Friday, October 3, 2008

How Hearts Were Changed

In the last post, we looked closely at the crucifixion of Jesus to show that He really was dead, then we looked a little into the resurrection, and the events surrounding the empty tomb. Even though we've already looked a little at the apostles reactions to the resurrection, I'd like to go a little more into the people who were closest to Jesus before He was crucified, their change after His resurrection, and some other ways which look closely at how Jesus' life, death and resurrection changed the world.
First of all, the people. Who actually saw Jesus after His resurrection? We know He appeared to his disciples more than a few times. How about those who didn't believe His claims to be Messiah- His own family? His brothers were embarrassed by His words. James hung out with the Pharisees, and he and his brothers mocked Jesus. James actually went on to become a leader in the early church. He wrote the Epistle of James, which states, " I, James, a bond servant of God and of the Lord Jesus Christ" James was later stoned to death for his belief in his brother, Jesus, whom he once mocked. It would take something extraordinary to change from disbelief to quickly accepting death for a "change of mind".
Back up to the night before Jesus' arrest in the garden. Jesus was with His closest disciples in that garden. When the soldiers came to arrest Jesus, the disciples fled out of fear that they would be arrested and suffer the same fate as their leader. After the crucifixion, the disciples hid behind locked doors- afraid they would hear the soldiers come looking for them. Something happened though, in this upper room, which changed a group of scared and defeated men, to there they soon proudly, loudly and courageously proclaimed the Word of the Gospel in a time where the authorities were quick in punishing those who were spreading this strange new gospel. These same men did willingly suffer beatings, prison and eventually death for their faith in Jesus. Andrew, brother of Peter, the first disciple of Jesus became a preacher in Greece among other places. He proclaimed the love and forgiveness of Jesus as he was led to his own cross. Peter, the one who denied knowing Jesus three times the night of His arrest, who was afraid of "being found out" as one of those disciples, requested to be crucified upside down, because he felt he was unworthy of the same death that Jesus suffered. Matthew, once a tax collector, and after the resurrection, wrote the gospel in Hebrew and also was a missionary in Ethiopia and Egypt. He was speared to death for his testimony of Jesus. Simon, brother of Jude and James, became a Bishop in Jerusalem. He was later crucified in Egypt in the time of Trajan the emperor. The other Simon, the apostle became a preacher and spread the Gospel throughout North Africa and also in Britain. He was also crucified for his testimony. Philip became a missionary in what is now Turkey, was not only crucified but also stoned to death for his preaching of salvation in Jesus. Mark became an evangelist and first Bishop of Alexandria in Egypt. For his preaching the Gospel, he was burned alive. Bartholomew is said to have preached and translate the gospel of Matthew for the Indians before being beaten, crucified then beheaded in Armenia. And Thomas- whatever happened to that doubter? Doubting Thomas who wouldn't believe in Jesus' resurrection until he could put his finger in the wounds of Jesus before he would believe. Thomas became a preacher all across the middle east, into Asia to India where he was shot with a dart.

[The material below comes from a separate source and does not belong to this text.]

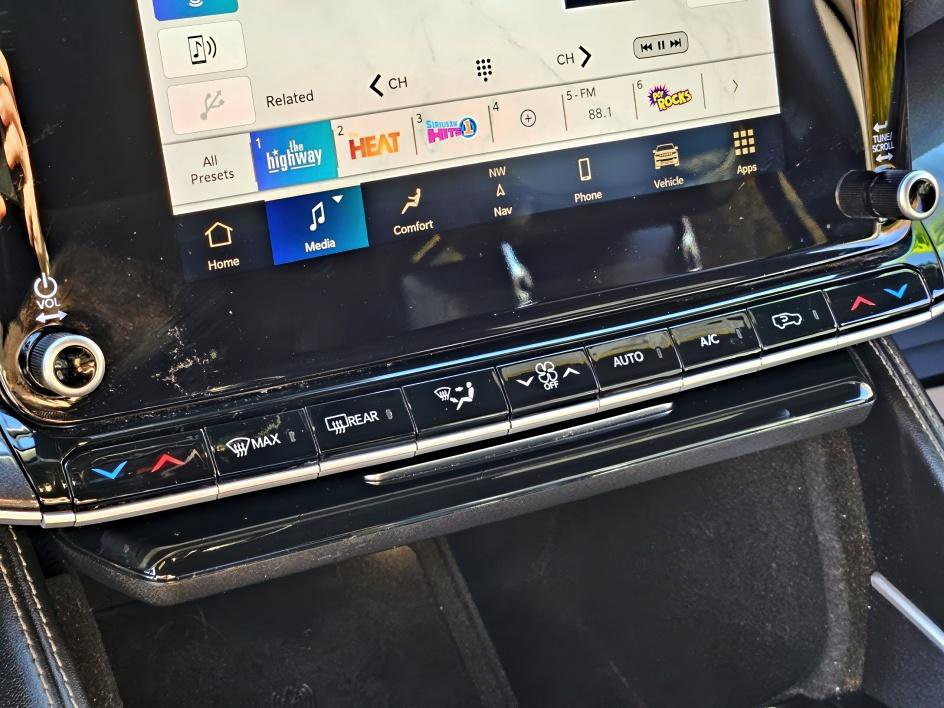 Used 2024 Jeep Wagoneer L 4WD w/ Premium Group I image 23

Now, all the close disciples of Jesus were put to death for their faith in Christ, except for John, son of Zebedee, who may have been the same John who went on to write the Book of Revelation. John was not martyred for his belief, but instead exiled to an Island off of Greece named Patmos.
Not all of the people who saw Jesus alive after the resurrection suffered death sentences, but under the brutal regimes of emperors such as Caligula, Nero, and Domitian, who slaughtered thousands of new Christians. The were put to death in some cases for the entertainment of the people. Put to stakes, drawn and quartered, thrown to lions and other horrible punishments. It was not easy to become a believer of the "new" Christian religion back then, and in many cases around the world today it is still not easy. Christians know that they may suffer, as they have always known, because Jesus told His followers they would suffer. If the resurrection never happened, people would not have suffered. there would have been no need. However, the fact that so many of the followers and disciples willingly took punishment even to death, for preaching and teaching the Word of Jesus proves the resurrection of Jesus Christ. No one would make that kind of change for a known lie. Men will always be willing to die for what they believe in- but NO ONE will die for what they know to be a lie.
As any Christian will proclaim, that we have a faith not based on a myth or fable. Our faith rests firmly on an empty tomb and a resurrected Savior. if we suffer because of His name, we suffer willingly.